The news came a day after Costco Wholesale Corp, the largest U.S. warehouse club operator, said it had seen increased demand for items like rice and flour as customers, worried about global food shortages, stock up.
"Everywhere you see (look), there is some story about food shortages and hoarding and tightness of supplies," said Neauman Coleman, an analyst and rice broker in Brinkley, Arkansas.
"Rice gets mentioned because rice is the No. 1 direct consumable agricultural grain in the world," he said.
On the Chicago Board of Trade, July rough rice futures hit a record high of $24.85 per hundredweight and settled at $24.82, up 62 cents or 2.5 percent.
Spot CBOT rice prices are up about 80 percent so far in 2008.
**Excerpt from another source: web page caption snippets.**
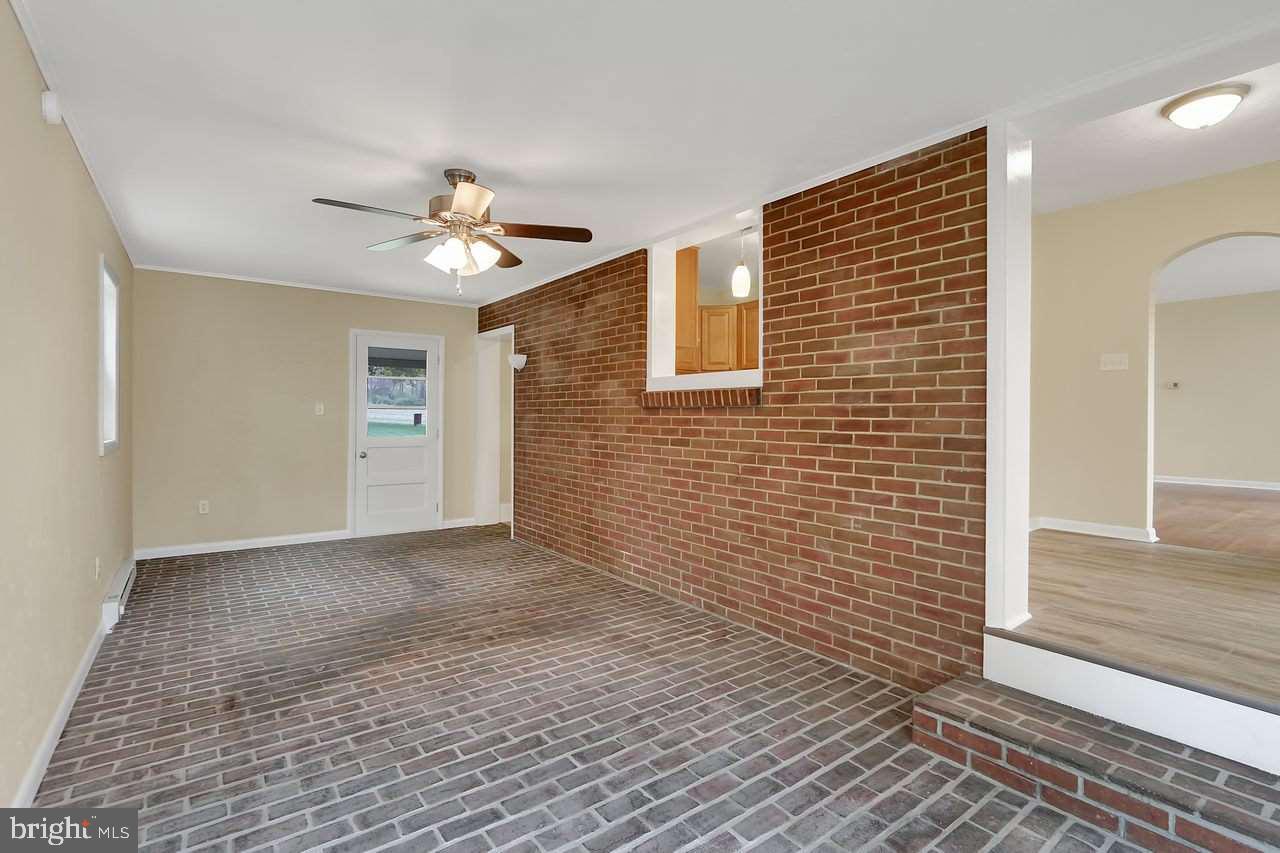 5762 York Road Spring Grove, PA 17362 - Photo 11 of 23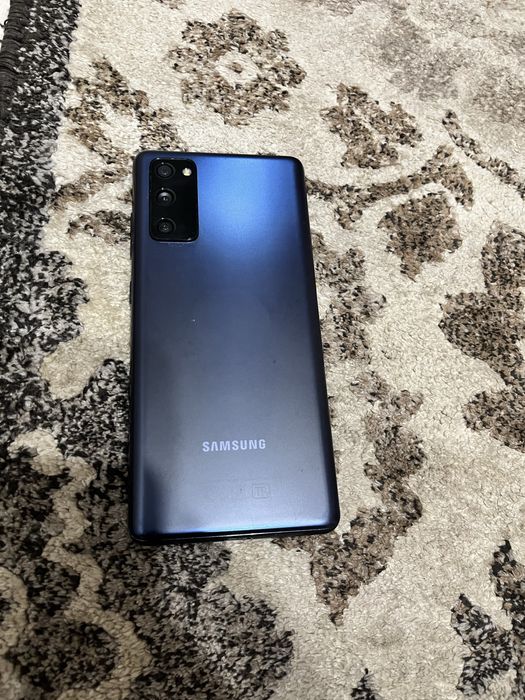 Samsung S20FE 6/128гб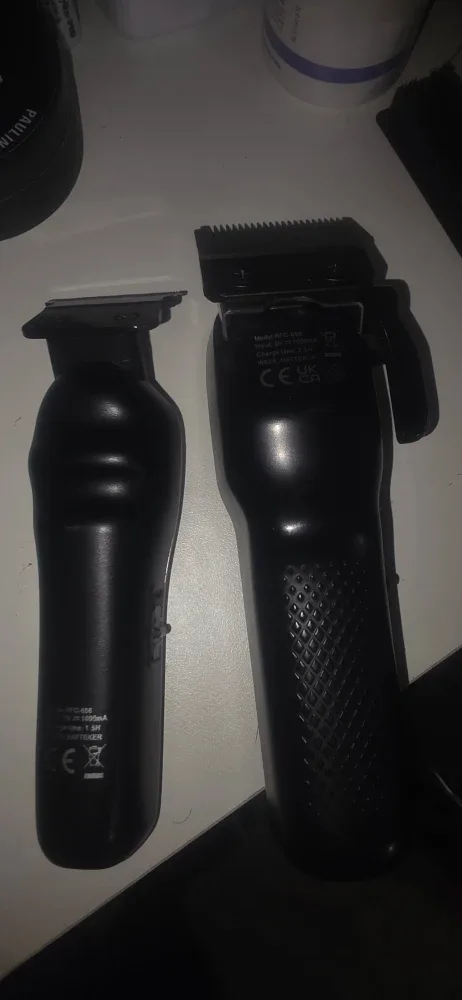 Hatteker Hair Clippers Set - Like New image indicator(3)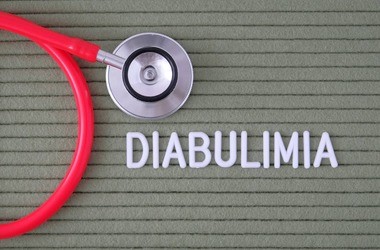 Diabulimia – co to takiego? Jakie są konsekwencje nieleczonych zaburzeń odżywiania w cukrzycy?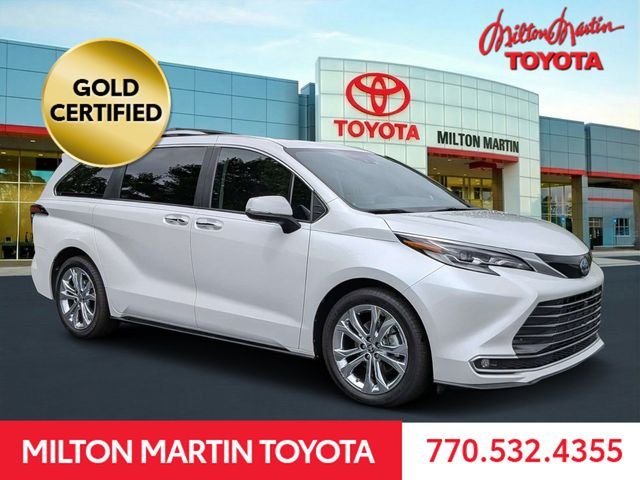 2023 Toyota Sienna Platinum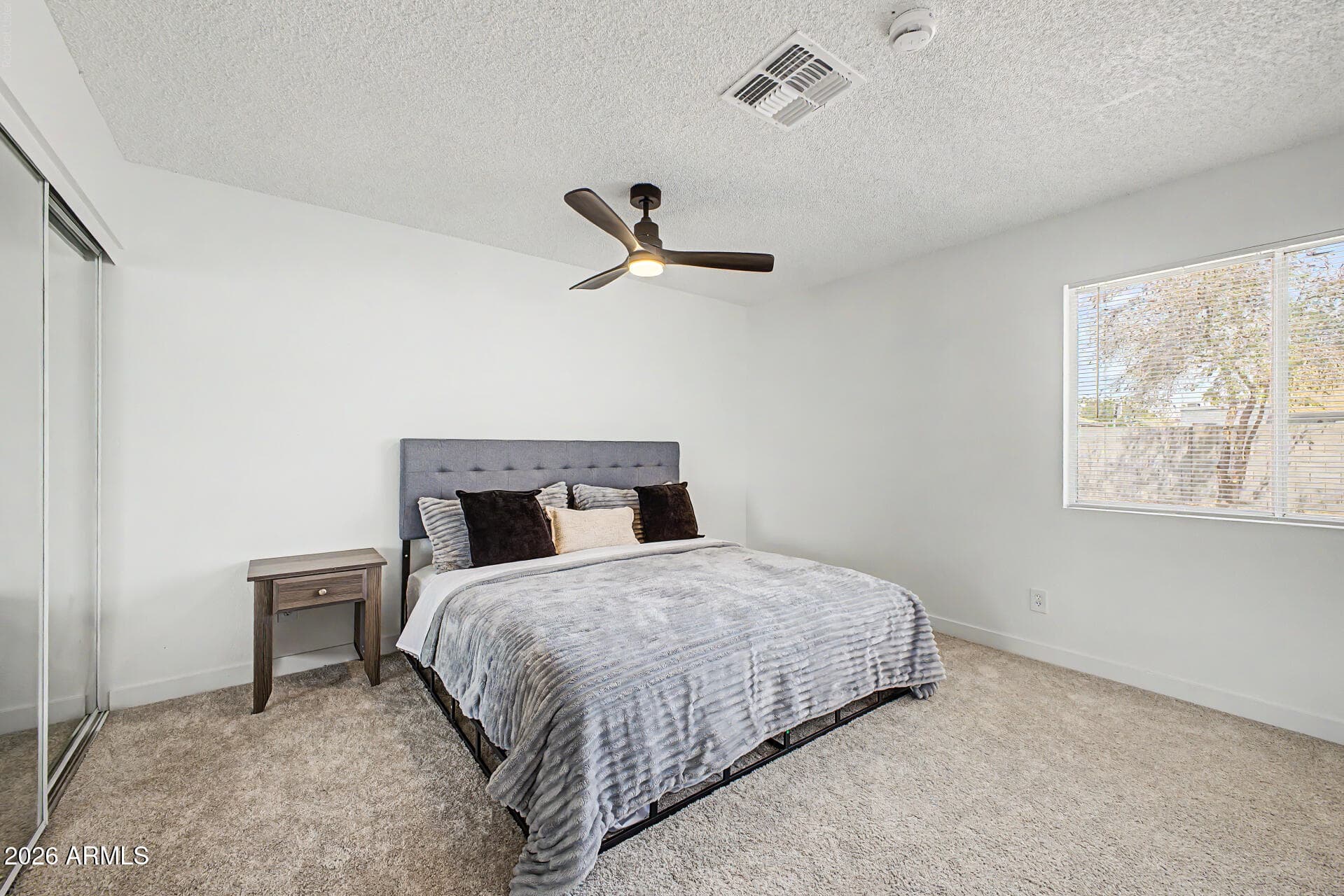 7202 W SHANGRI LA Road, Peoria, AZ 85345 — photo 10 of 23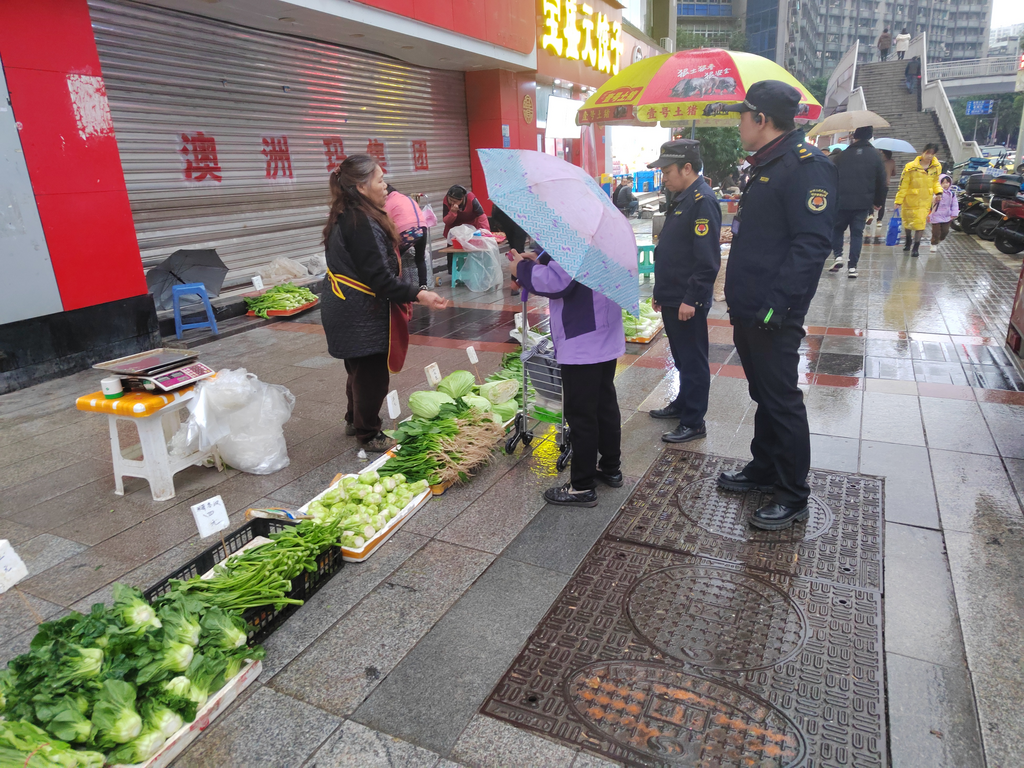 馬路辦公，收集擺攤群眾意見。沙坪壩區(qū)城市管理局供圖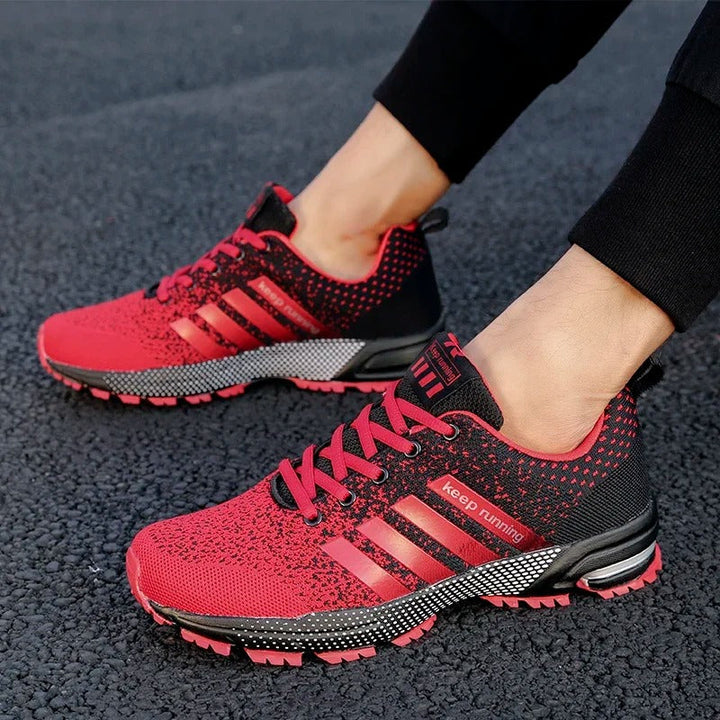 Nahaufnahme der Dämpfungstechnologie der Herren Laufschuhe; bietet Energie-Rückgabe & Schutz beim Sport.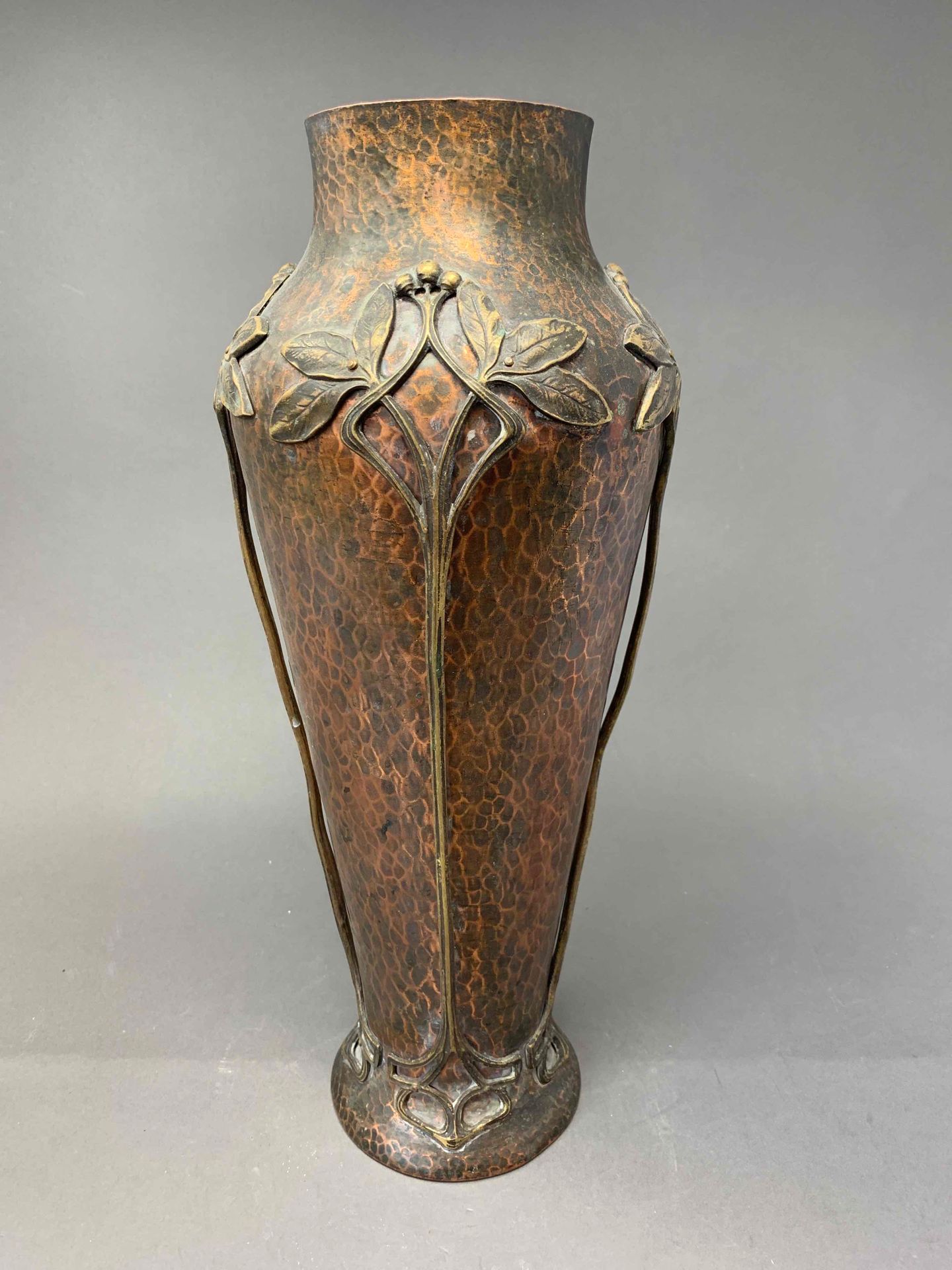 Null W.M.F. (Wurtembergische Metallwaren Fabrik)

Vase en cuivre et laiton marte&hellip;
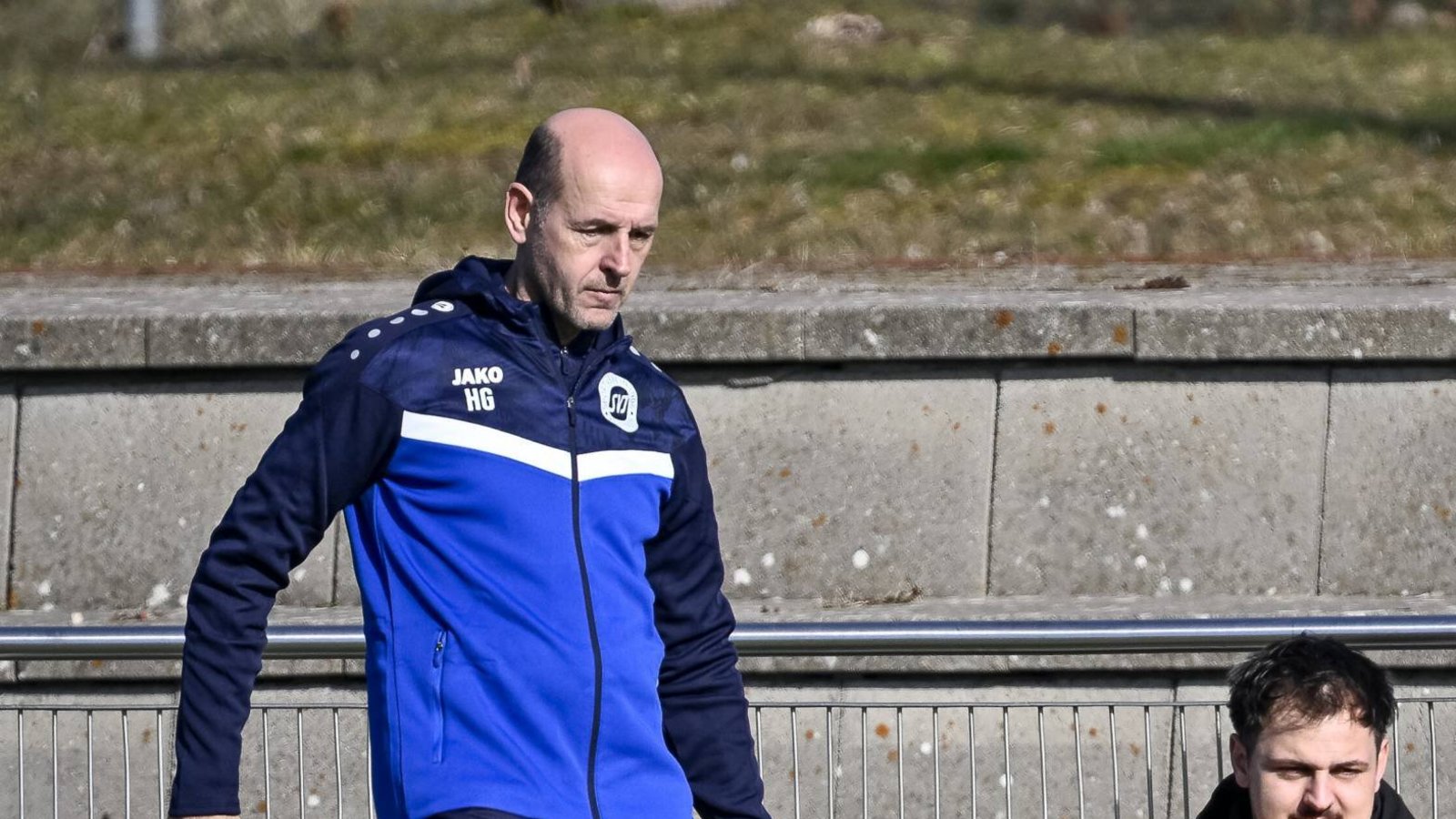 Hüsnü Gür (links) hat sein Amt als Illinger Trainer überraschen niedergelegt. Foto: Leitner Hüsnü Gür (links) hat sein Amt als Illinger Trainer überraschen niedergelegt. Foto: Leitner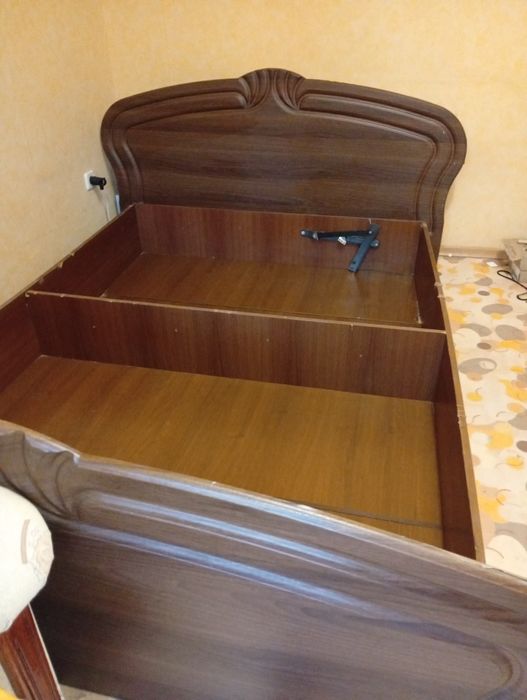 Ліжко без матрасу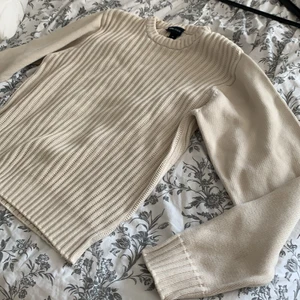 Stickad tröja  - Oanvänd stickad tröja💕✨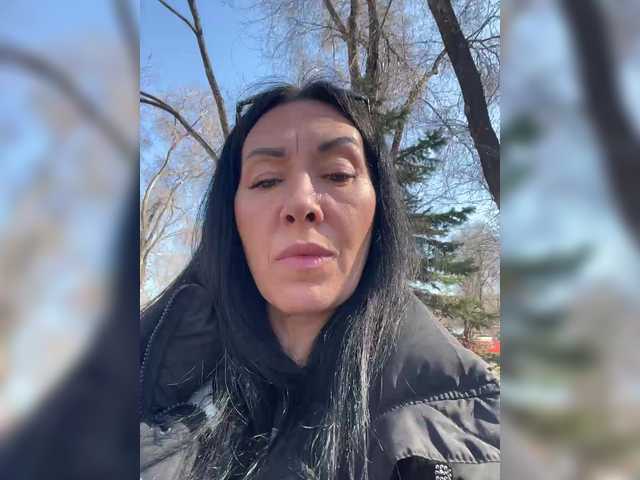 KarolinaMilf's BongaCams profile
"Some of the main rice producing countries have imposed export curbs ... and this has combined with low global stocks to drive rice higher," said Kenji Kobayashi, a grains analyst at Kanetsu Asset Management in Tokyo.
"Rice has been hitting successive records. It's neared $25 and I think $30 is now on our horizon," Kobayashi said.
Trade bans have been put in place by India, the world's second-largest rice exporter in 2007, and Vietnam, the third-biggest, in hopes of cooling domestic prices of the staple food. Thailand is the largest exporter.
In the latest move, Brazil on Wednesday temporarily suspended rice exports, the agriculture ministry said.
The export curbs have been criticized by the Asian Development Bank, which said Asian governments were overreacting to surging food prices by resorting to market-distorting measures.
EU Trade Commissioner Peter Mandelson said the World Trade Organization should push food-producing countries to maintain exports to avoid a worsening of the food crisis.
"If we restrict trade, we're simply going to add food scarcity to the already large problems of food shortages that exist in different countries," Mandelson said in an interview.